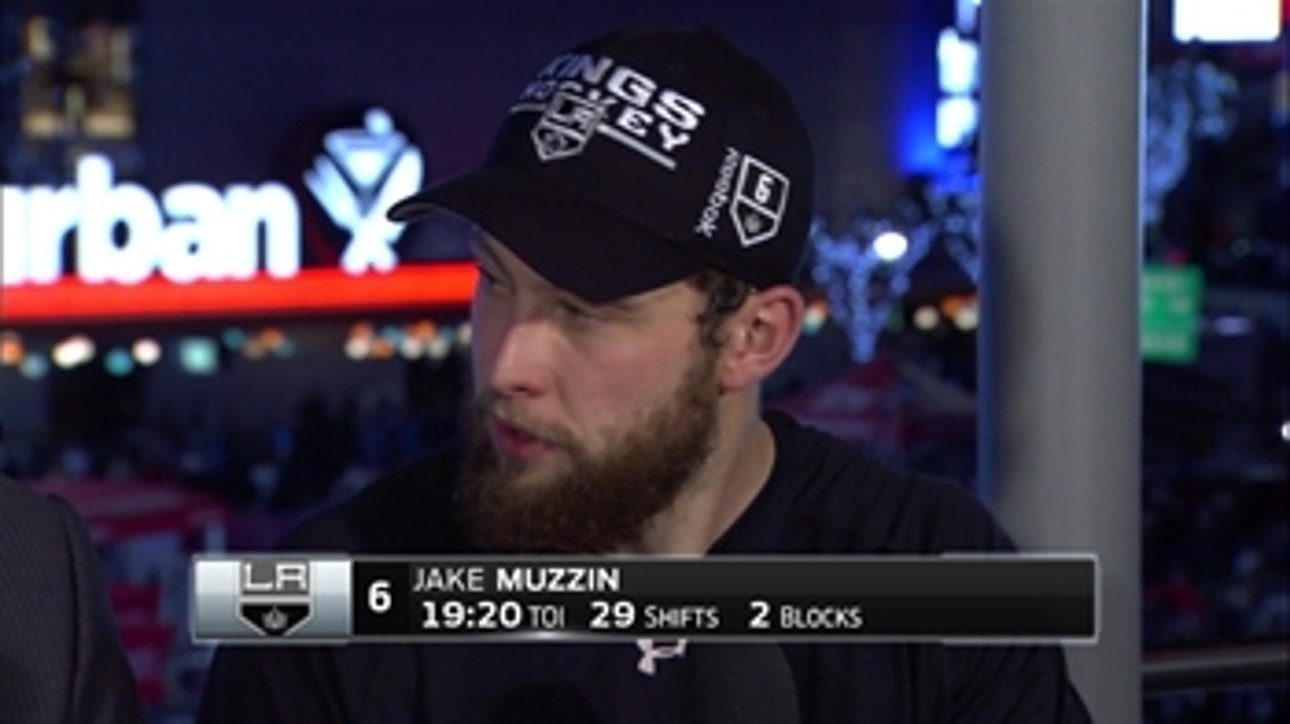 Jake Muzzin postgame (11/28): Quick's been huge for us all year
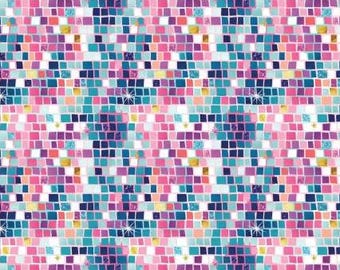 Fabric cotton, FACETED REFLECTIONS, 55240606, 01, Quilt Fabrics, 100% cotton, quilt cotton - Disco Queen of Camelot Fabrics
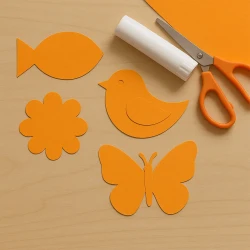 Orange Construction Paper - 1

▶ [Your goal] Up to and including the last line of the listing, starting at the line with "Fabric cotton, FACETED", extract every line exactly and leave out the pictures.

▶ [Reply]
 Fabric cotton, FACETED REFLECTIONS, 55240606, 01, Quilt Fabrics, 100% cotton, quilt cotton - Disco Queen of Camelot Fabrics
 Orange Construction Paper - 1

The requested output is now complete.